However, I had a very strong visceral dislike the central theme of fate as an invisible and nigh irresistible force pulling the characters around like some sort of cosmic puppet-master.  In particular, when matched with the obvious images of Hitler and the National Socialists (apparently arising out of a Great Depression American Despotism), I felt quite angry at the implication that somehow human beings were not responsible for their own actions, and that the Nazi's somehow spawned out of a demonic "other-ness" out of nowhere, and that the only thing to save us was apparently some sort of angelic superhero that also came out of nowhere.  In a way this kind of predestination pretty much absolves everyone in the story from any sort of real guilt or merit.  Nobody was evil, not even the "Master", since he was apparently just a pawn of evil.  By corrolary, nobody was good either, not even Alice May, since she was just the body that happened to hold the guns.  It's a terribly pessimistic and depressing universe to live in.

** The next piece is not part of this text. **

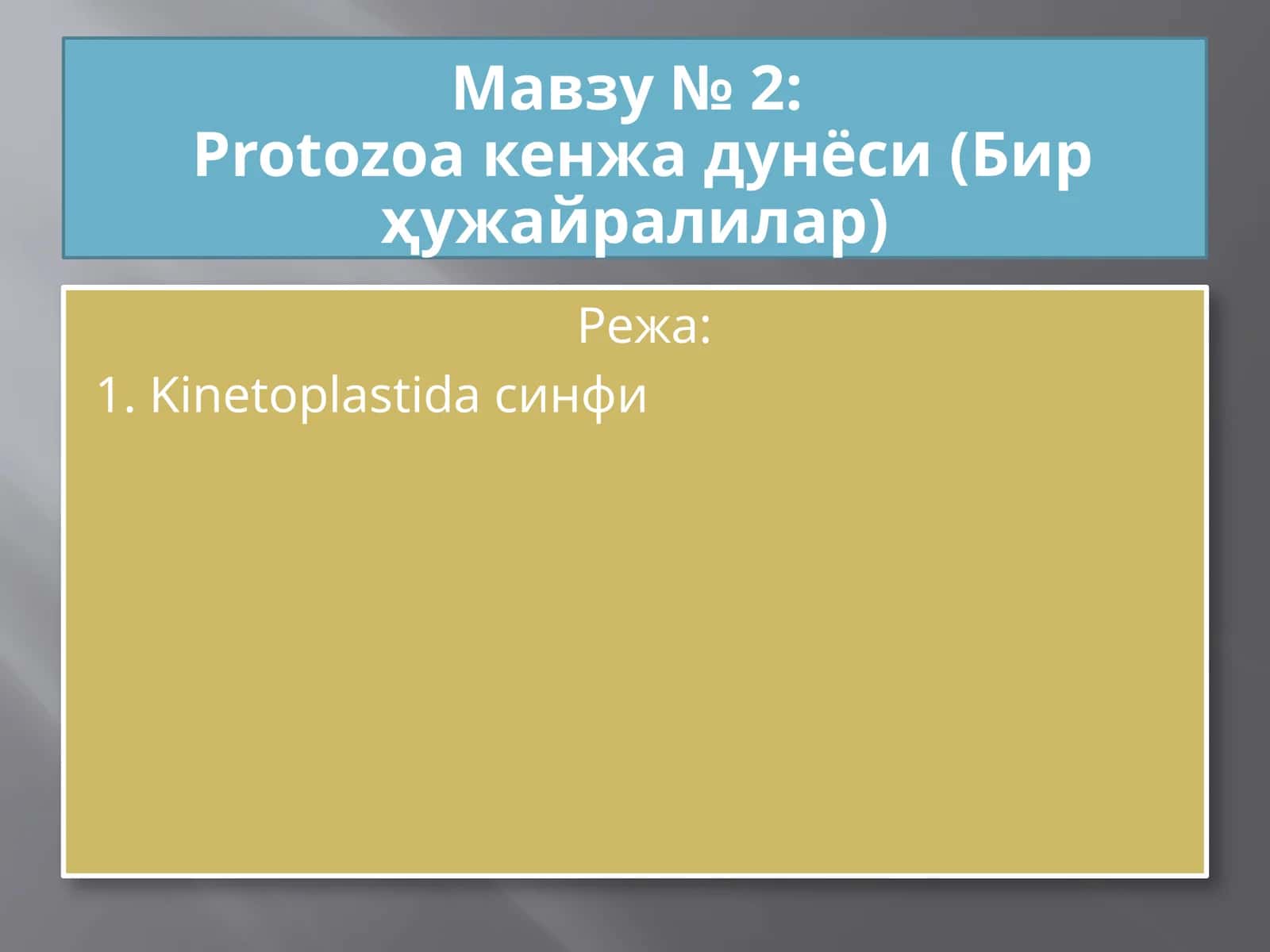 Protozoa кенжа дунёси 1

More over, I think it's implication about the real-world Hitler and Nazi-ism is both short-sighted and dangerous.  Opinions differ of course, but reading about atrocities like those perpetrated during WW2 (or more recently in Rwanda), my take-away was that it's not demons or monsters, or "evil" that performed those deeds.  Perfectly normal people (like you or me) made the rational decision to kill their acquaintances and neighbors.  Other perfectly normal people (also like you or me) made a rational decision to risk their own lives to try to save those people.  That's perhaps the scarier truth.  After all, if the universe was full of random irresistible forces pulling us every which way, then why bother to take responsibility for anything?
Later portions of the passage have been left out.